In a case her attorneys noted was largely about “accountability and responsibility,” a South Carolina woman recently won a $6.9 million medical malpractice judgment against her radiologist. The case revolved around a missed abnormality on a mammogram which later developed into terminal cancer.
The plaintiff, Leanna Loud, received a mammogram in 2008, and at that time her condition was rated as benign and therefore no follow-up was made. In 2010, she was diagnosed with an invasive cancer that by 2013 had metastasized and become essentially incurable. At 47, she was given only a few more years to live.
During the trial, Loud’s attorneys relied on expert testimony to argue that if the mammogram had been correctly interpreted in 2008, the extent and severity of her condition would very likely have been prevented. Experts stated that immediate treatment would have given Loud an 85–100% chance of being cured.

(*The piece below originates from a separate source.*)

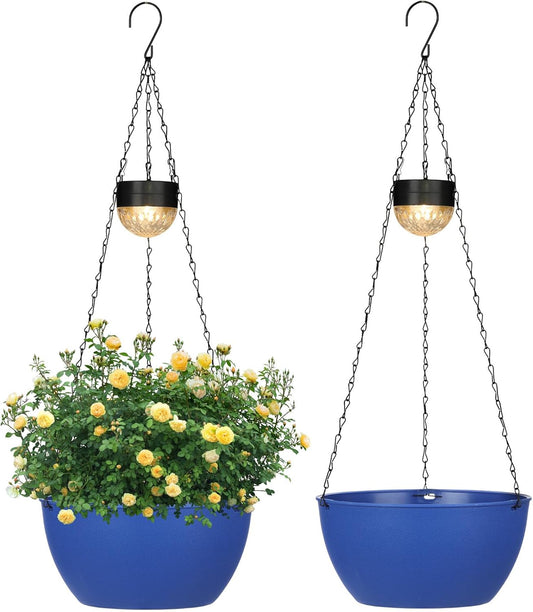 2 Packs Hanging Planters Basket for Outdoor Plants, Solar Powered Self Watering Blue Round Plastic Flower Pots with Drainer for Balcony Patio Garden Outdoor Decoration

The case was not simply about one mammogram being misread in isolation. Evidence was introduced to show that, when compared to an earlier mammogram taken in 2003, the 2008 screening showed new calcifications that should have been investigated further. Loud’s lawyers argued that the 2008 abnormality was suspicious for cancer, and medical professionals testifying in the case agreed that additional testing should have been conducted before making a diagnosis.

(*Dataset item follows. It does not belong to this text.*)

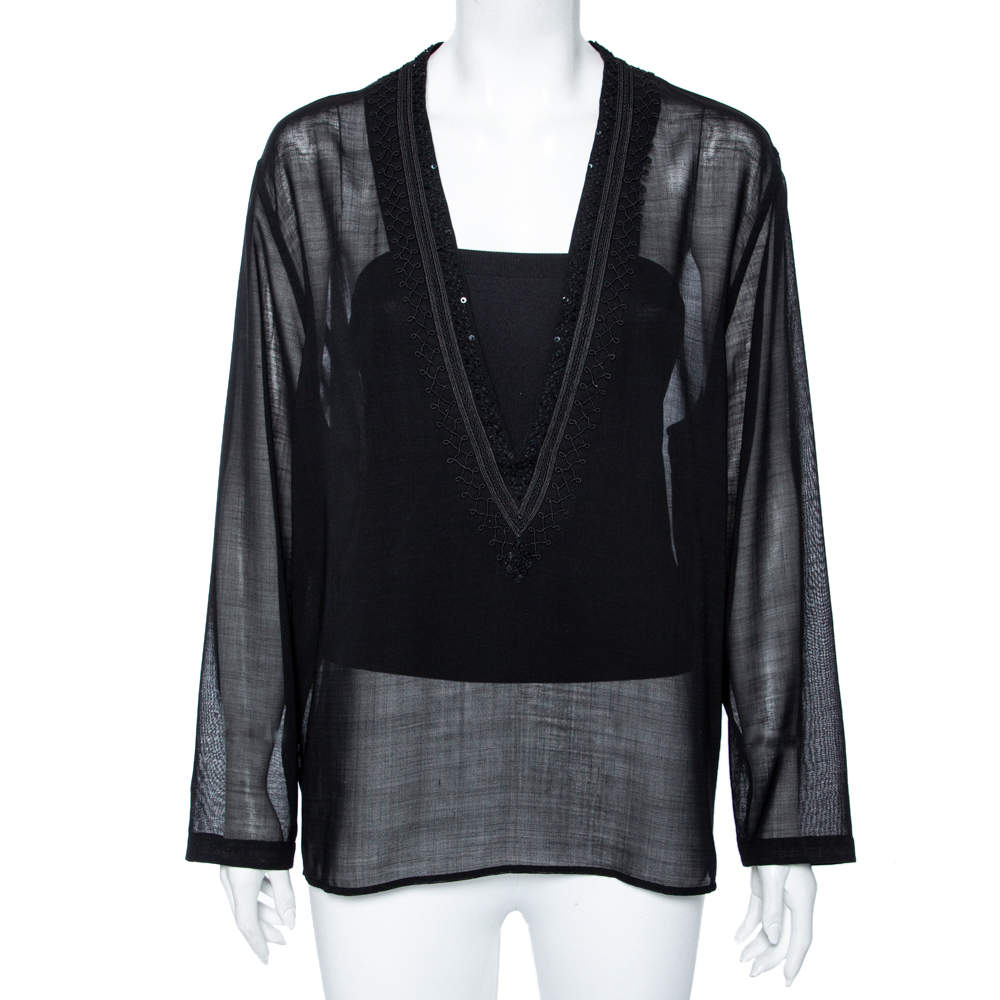 Saint Laurent Black Wool Lace Trimmed V-Neck Blouse S Saint Laurent ...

Loud, who is a nurse at Medical University Hospital in Charleston, had been diligent about her health. She had her first mammogram when she was 35, earlier than the recommendation of most public health organizations. The American Cancer Society (ACS), for instance, used to urge mammograms beginning at age 40. They’ve recently changed that to age 45, with another every one to two years thereafter.
Breast cancer is a major illness in American women, with more than a quarter million new cases diagnosed in 2015. Forty thousand to 50,000 women will die from it each year. Prevention is extremely important in the fight against breast cancer. While rates of diagnosis have not greatly changed, data published by the ACS show that death rates have been steadily declining since 1989. They credit much of this to early detection, when the disease is more easily treated—an important factor in Loud’s case.
Local observers noted that Charleston has not been known for favorable verdicts to plaintiffs in medical malpractice cases. Despite this, Loud’s victory was not a surprise to some, including the attorneys on both sides. Court documents indicate they had reached a $2 million settlement but that some conditions of it were dependent upon the verdict. This was to the victim’s benefit, as South Carolina, like Indiana, has a statutory cap on medical malpractice damage verdict awards. State law limits non-economic damages (such as pain and suffering and emotional distress) to $1.05 million; economic damages (the cost of care, lost wages, etc.) have no fixed limit but are restricted to calculable amounts.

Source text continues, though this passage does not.